How a Swedish engineer saved a once-in-a-lifetime mission to Titan (2004) - ablutop
http://spectrum.ieee.org/aerospace/space-flight/titan-calling

======
jessriedel
Hopefully everyone realized that this article is from 2004 and Huygens
completed its descent onto Titan in January 2005. The problem discussed in the
article was successfully fixed, saving the mission, but an unrelated problem
(also with the telemetry) means a modest chunk of data was lost:

> Huygens was programmed to transmit telemetry and scientific data to the
> Cassini orbiter for relay to Earth using two redundant S-band radio systems,
> referred to as Channel A and B, or Chain A and B. Channel A was the sole
> path for an experiment to measure wind speeds by studying tiny frequency
> changes caused by Huygens's motion. In one other deliberate departure from
> full redundancy, pictures from the descent imager were split up, with each
> channel carrying 350 pictures.

>As it turned out, Cassini never listened to channel A because of an
operational commanding error. The receiver on the orbiter was never commanded
to turn on, according to officials with the European Space Agency. ESA
announced that the program error was a mistake on their part, the missing
command was part of a software program developed by ESA for the Huygens
mission and that it was executed by Cassini as delivered.

>The loss of Channel A means only 350 pictures were received instead of the
700 planned. All Doppler radio measurements between Cassini and Huygens were
lost as well.
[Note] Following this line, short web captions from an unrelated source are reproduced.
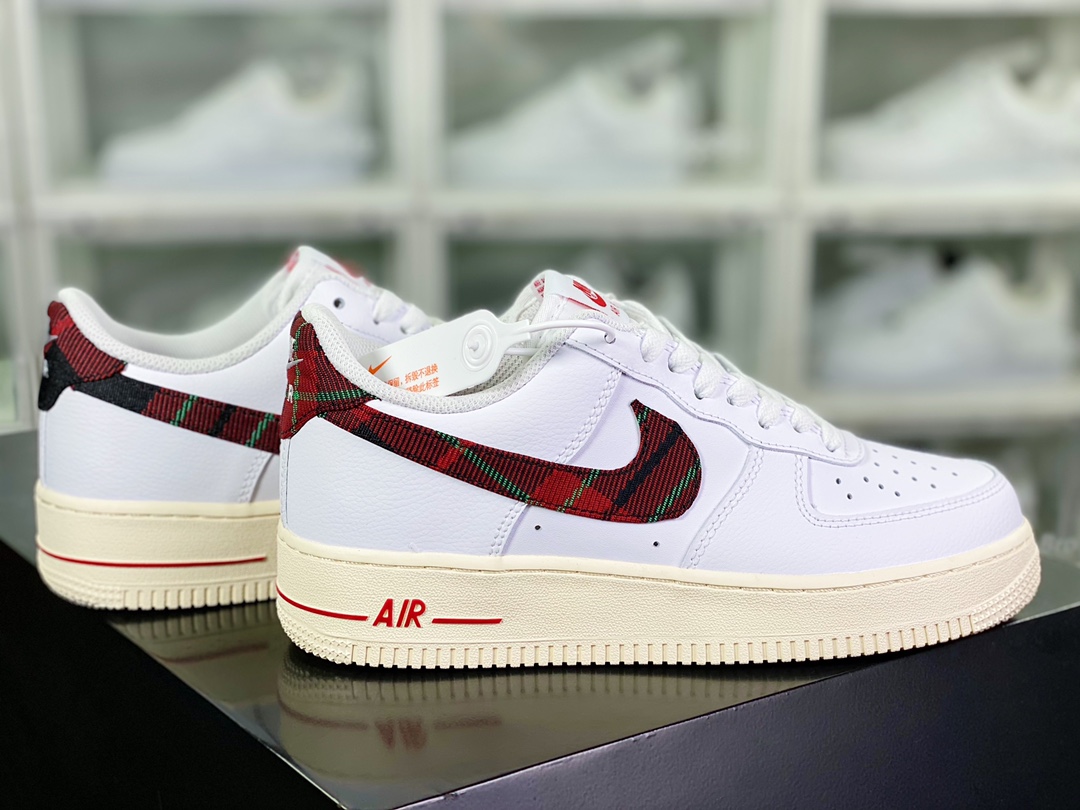 Air Force 1′07 Low”Plaid”空军一号经典低帮板鞋“白酒红绿苏格兰格子奶油底”DV0789-100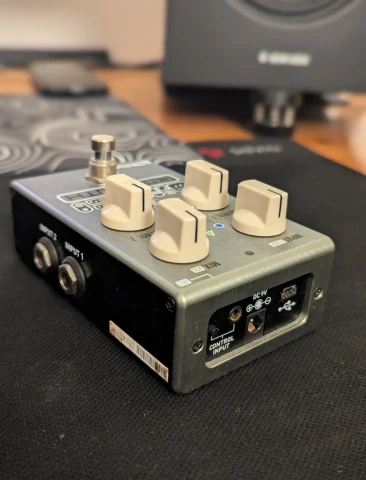 Source Audio C4 + midi adapter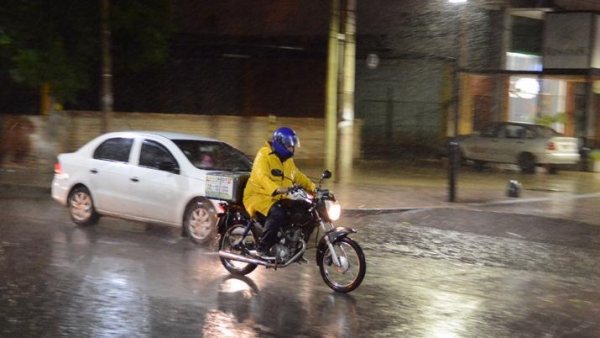 Alerta meteorológico: anticipan tormentas fuertes para Santiago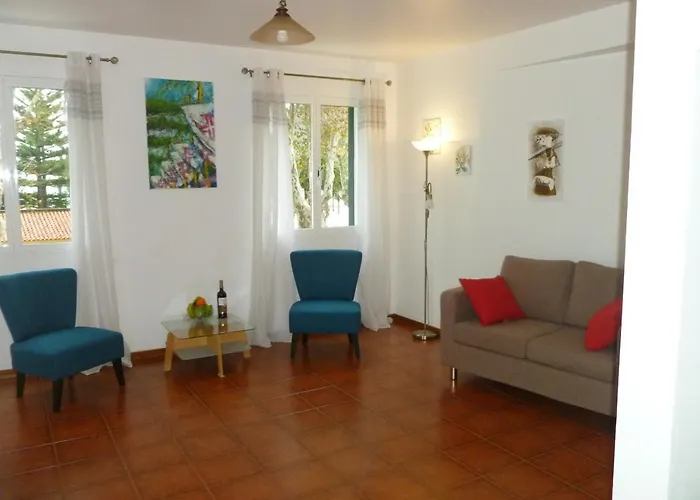 Alameda With Sea View Machico (Madeira)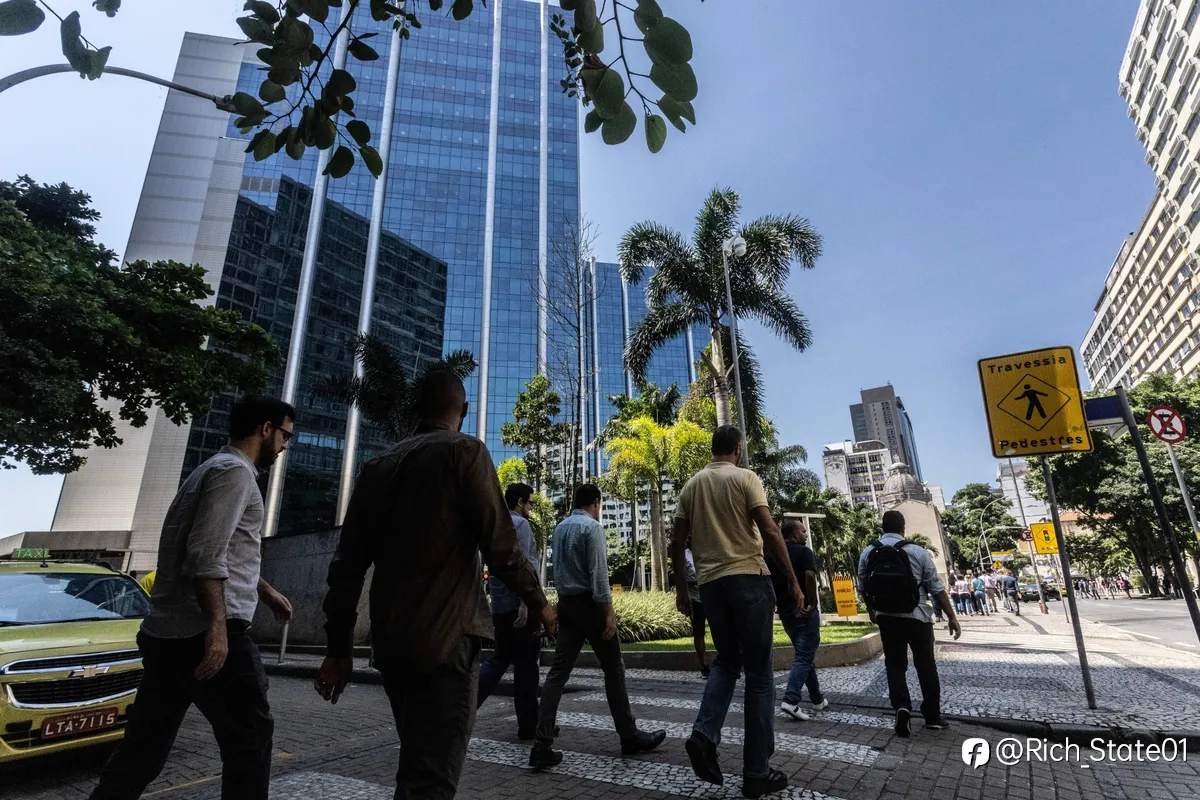 Lawrence Tan: Fed Policy Shift Fuels Emerging Market Growth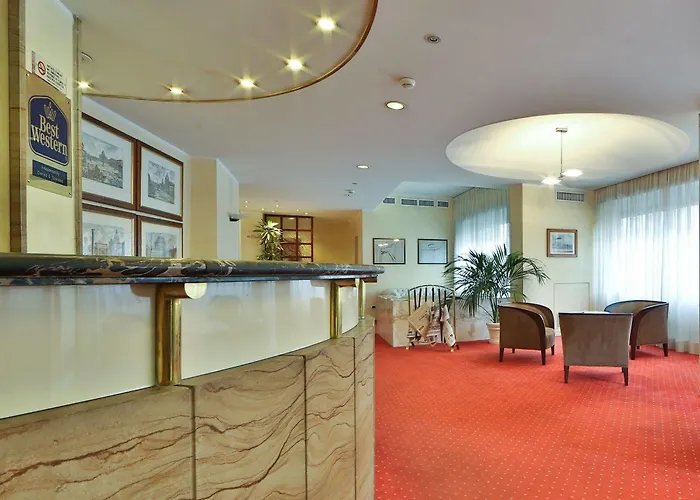 호텔 베스트 웨스턴 피카딜리 4*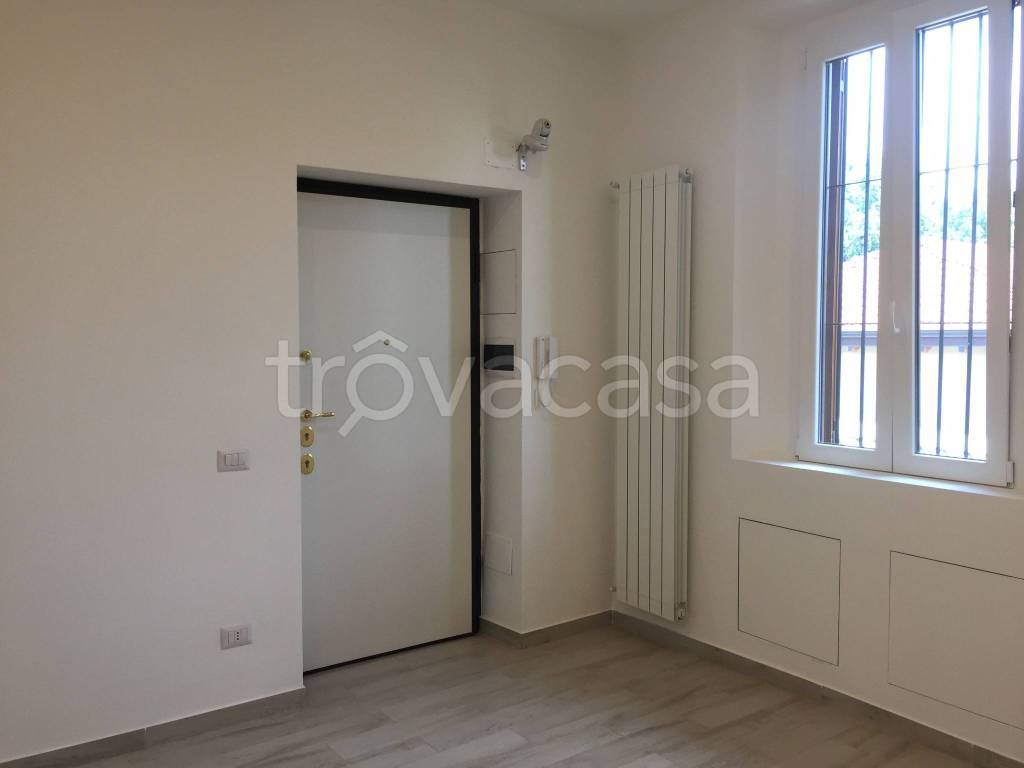 Appartamento in affitto a Milano via Novara, 38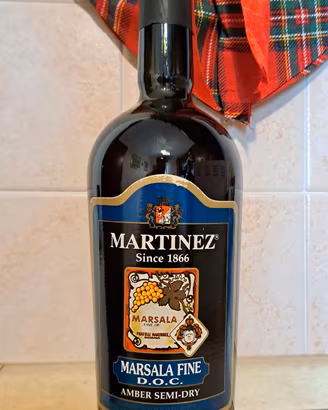 VINO MARTINEZ MARSALA FINE DOC AMBER SEMI-DRY.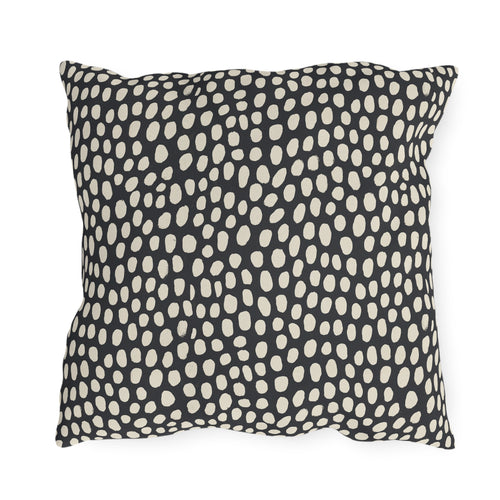 P81 Outdoor Pillow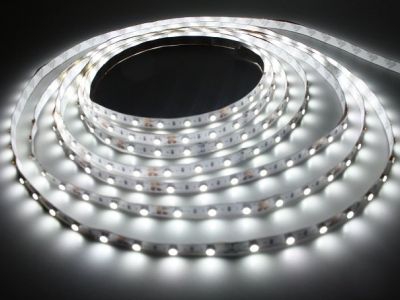 Светодиодная лента Сверхъяркая 2835 120 LED IP33 12V/9,6W белый 6000K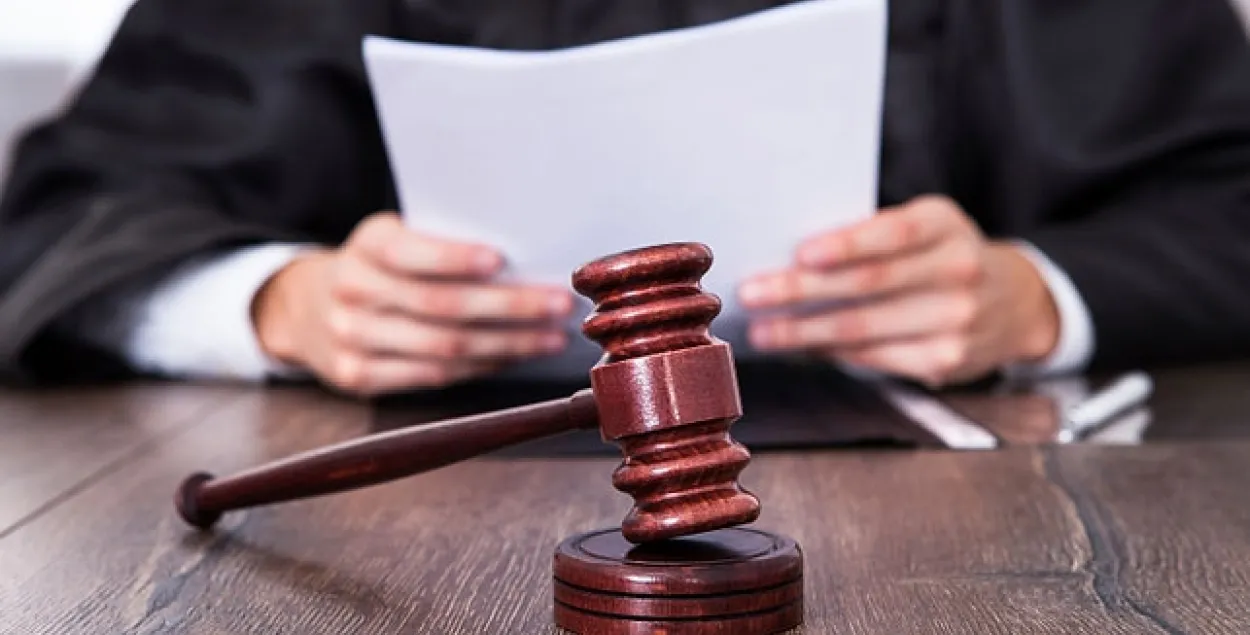 Маці, якая выкінула немаўля ў смеццеправод, прысуджаная да 12 гадоў 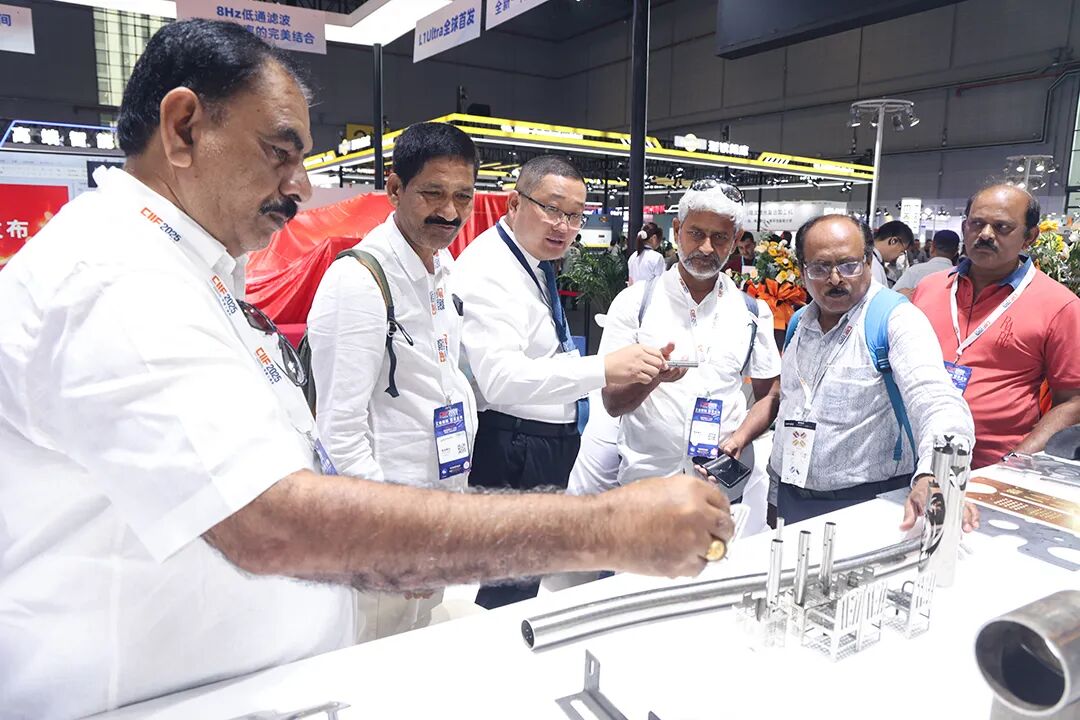 展會直擊|迅鐳激光展臺閃耀2025上海工博會!(圖16)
Doppler radio measurements of Huygens from Earth were made,
though not as accurate as the expected measurements that Cassini would have
made; when added to accelerometer sensors on Huygens and VLBI tracking of the
position of the Huygens probe from Earth, reasonably accurate wind speed and
direction measurements could still be derived.

[http://en.wikipedia.org/wiki/Huygens_(spacecraft)#Channel_A_...](http://en.wikipedia.org/wiki/Huygens_\(spacecraft\)#Channel_A_data_lost)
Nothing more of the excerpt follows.